Now, as Angie Jackson often points out, you can be highly educated and still fall for cult nonsense. But it’s far easier to maintain a hold on people if they’re not exposed to outside information.
Warren’s about to take that much further.
Content Note: Educational neglect, child abuse, spiritual abuse
Forbidding any higher education within the community means there’s soon a shortage of teachers for the elementary and high schools. They’ll need to start recruiting from outside the FLDS community, but the salaries are too low to attract anyone. Even with some families homeschooling, the existing teachers are flooded with far too many students. Something has to give – and Carolyn thinks she has the solution when Arizona starts funding charter schools. After some research, Carolyn figures that with the state funding they would get per student, they could easily afford to hire good teachers. So she and some of her fellow teachers begin working on a proposal. Surprisingly, she gets support from Merril, who tells her she’s got a good idea and that he’ll talk to the prophet about it.
Meanwhile, to relieve the pressure on the existing teachers, Carolyn suggests using computers for students to do reading and math drills. She could even do the necessary software development. The school superintendent thinks this is awesome and jumps aboard the charter school train.
Their proposal makes it past the first hurdles, and so Carolyn and her fellow teachers end up in Phoenix to present it. They’re up against a hundred other potential charter schools, most developed by high-ranking educational professionals. Competition is fierce, and almost all of the presenters before them get turned down. But they sail through to approval: the board is extremely impressed by their assessment plan and innovative ideas. All they have to do is build the school building in time, and the FLDS folks are old hands at putting buildings up fast. Carolyn and her team are elated. Even Merril’s impressed. He goes to tell Uncle Rulon about their victory.
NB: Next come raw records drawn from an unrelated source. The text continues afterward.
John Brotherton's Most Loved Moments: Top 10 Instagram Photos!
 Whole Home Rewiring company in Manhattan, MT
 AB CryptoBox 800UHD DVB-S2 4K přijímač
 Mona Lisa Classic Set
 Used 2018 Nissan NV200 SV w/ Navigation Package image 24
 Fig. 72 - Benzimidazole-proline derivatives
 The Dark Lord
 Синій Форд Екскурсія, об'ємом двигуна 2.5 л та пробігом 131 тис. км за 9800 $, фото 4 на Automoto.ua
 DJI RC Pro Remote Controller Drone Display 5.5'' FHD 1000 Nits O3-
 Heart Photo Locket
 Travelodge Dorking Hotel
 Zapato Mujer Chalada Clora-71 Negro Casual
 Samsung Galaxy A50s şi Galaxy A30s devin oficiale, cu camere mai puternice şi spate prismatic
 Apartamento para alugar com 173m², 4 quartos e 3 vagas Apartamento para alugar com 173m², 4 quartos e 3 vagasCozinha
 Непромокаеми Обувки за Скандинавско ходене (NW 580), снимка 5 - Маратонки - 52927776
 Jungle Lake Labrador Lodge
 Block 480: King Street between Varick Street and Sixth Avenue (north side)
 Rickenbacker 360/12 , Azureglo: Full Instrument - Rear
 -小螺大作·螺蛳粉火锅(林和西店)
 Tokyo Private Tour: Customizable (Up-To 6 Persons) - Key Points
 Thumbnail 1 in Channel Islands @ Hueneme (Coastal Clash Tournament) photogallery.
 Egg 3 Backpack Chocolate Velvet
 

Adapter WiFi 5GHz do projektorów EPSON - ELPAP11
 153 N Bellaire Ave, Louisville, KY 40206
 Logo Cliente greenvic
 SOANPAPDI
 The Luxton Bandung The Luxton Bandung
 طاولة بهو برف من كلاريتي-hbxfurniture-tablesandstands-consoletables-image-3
But then Warren gets wind of it. And he doesn’t like it.
- It will be a school run by professionals, with professional teachers, unlike his school, where only two teachers have actual degrees and some don’t even have a high school diploma.
- Kids won’t have “learning” beaten into them with yardsticks, the way he does it.
- The charter school will make liberal use of computers. Warren has banned computers.
- The children will be well-educated, which means they can read things he doesn’t want them to read, and think things he doesn’t want them to think.
Needless to say, he’s not a fan. And because by now he’s pretty much in control of his father, Uncle Rulon is also not a fan. As far as Carolyn knows, Merril doesn’t even attempt to change Rulon’s mind. He just accepts the verdict and forbids Carolyn from having anything more to do with it.
I was furious. My anger touched a core in me that burst into flame. For the first time, I began to see how religion could suppress something positive and life-giving. Failure to educate our children was unconscionable.
Carolyn is so distraught that she can’t continue her teaching career – she quits at the end of the school year. She can’t be a teacher while Warren is prophet in all but name. Still.
I didn’t think about what might happen after his father died. No one really expected Warren to become the next prophet. I certainly didn’t. He was too much of a nobody.
When you’re dealing with a “nobody” who’s as cunning and power-hungry as Warren Jeffs, though, you can’t take their failure for granted. That’s a lesson we should all endeavor to remember.